I have a large uint8_t
array (size = 1824 * 942). I want to do the same operation to each element. Particularly I need to subtract -15 from each element.
This array is refreshed 20 times per second, so time is an issue and I'm avoiding loops over the array.
Is there an easy way to do this?
You can just write a function with a plain loop:
void add(uint8_t* a, size_t a_len, uint8_t b) {
for(uint8_t* ae = a + a_len; a < ae; ++a)
*a += b;
}
And hope that the compiler vectorizes that for you, which it does, see assembly.
Solutions with std::for_each
and std::transform
such as:
void add(uint8_t* a, size_t a_len, uint8_t b) {
std::transform(a, a + a_len, a, [b](auto value) { return value + b; });
}
Should generate exactly the same code, but sometimes they don't.
[Updated]
Out of curiosity, I benchmarked the following solutions:
#include <benchmark/benchmark.h>
#include <cstdint>
#include <array>
#include <algorithm>
#include <immintrin.h>
constexpr size_t SIZE = 1824 * 942;
alignas(32) std::array<uint8_t, SIZE> A;
__attribute__((noinline)) void add_loop(uint8_t* a, size_t a_len, uint8_t b) {
for(uint8_t* ae = a + a_len; a < ae; ++a)
*a += b;
}
__attribute__((noinline)) void add_loop_4way(uint8_t* a, size_t a_len, uint8_t b) {
a_len /= 4;
for(uint8_t* ae = a + a_len; a < ae; ++a) {
a[a_len * 0] += b;
a[a_len * 1] += b;
a[a_len * 2] += b;
a[a_len * 3] += b;
}
}
__attribute__((noinline)) void add_transform(uint8_t* a, size_t a_len, uint8_t b) {
std::transform(a, a + a_len, a, [b](auto value) { return value + b; });
}
inline void add_sse_(__m128i* sse_a, size_t a_len, uint8_t b) {
__m128i sse_b = _mm_set1_epi8(b);
for(__m128i* ae = sse_a + a_len / (sizeof *sse_a / sizeof b); sse_a < ae; ++sse_a)
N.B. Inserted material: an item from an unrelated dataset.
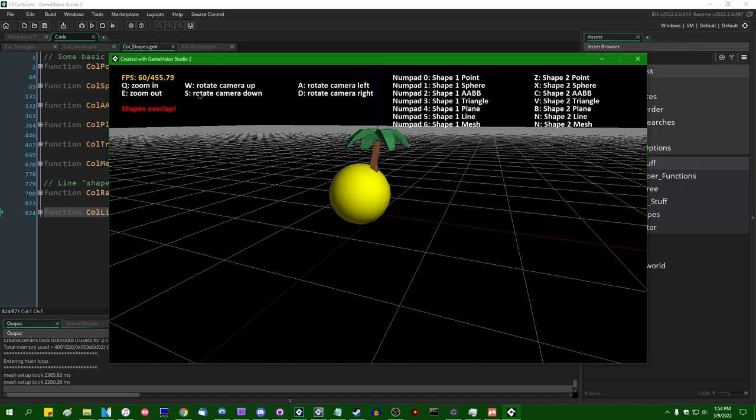Hello, all the crazy people out there. My name is Michael. I like wizards and dragons and making games, and welcome back to 3D Collisions in GameMaker.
*sse_a = _mm_add_epi8(*sse_a, sse_b);
}
__attribute__((noinline)) void add_sse(uint8_t* a, size_t a_len, uint8_t b) {
add_sse_(reinterpret_cast<__m128i*>(a), a_len, b);
}
inline void add_avx_(__m256i* avx_a, size_t a_len, uint8_t b) {
__m256i avx_b = _mm256_set1_epi8(b);
for(__m256i* ae = avx_a + a_len / (sizeof *avx_a / sizeof b); avx_a < ae; ++avx_a)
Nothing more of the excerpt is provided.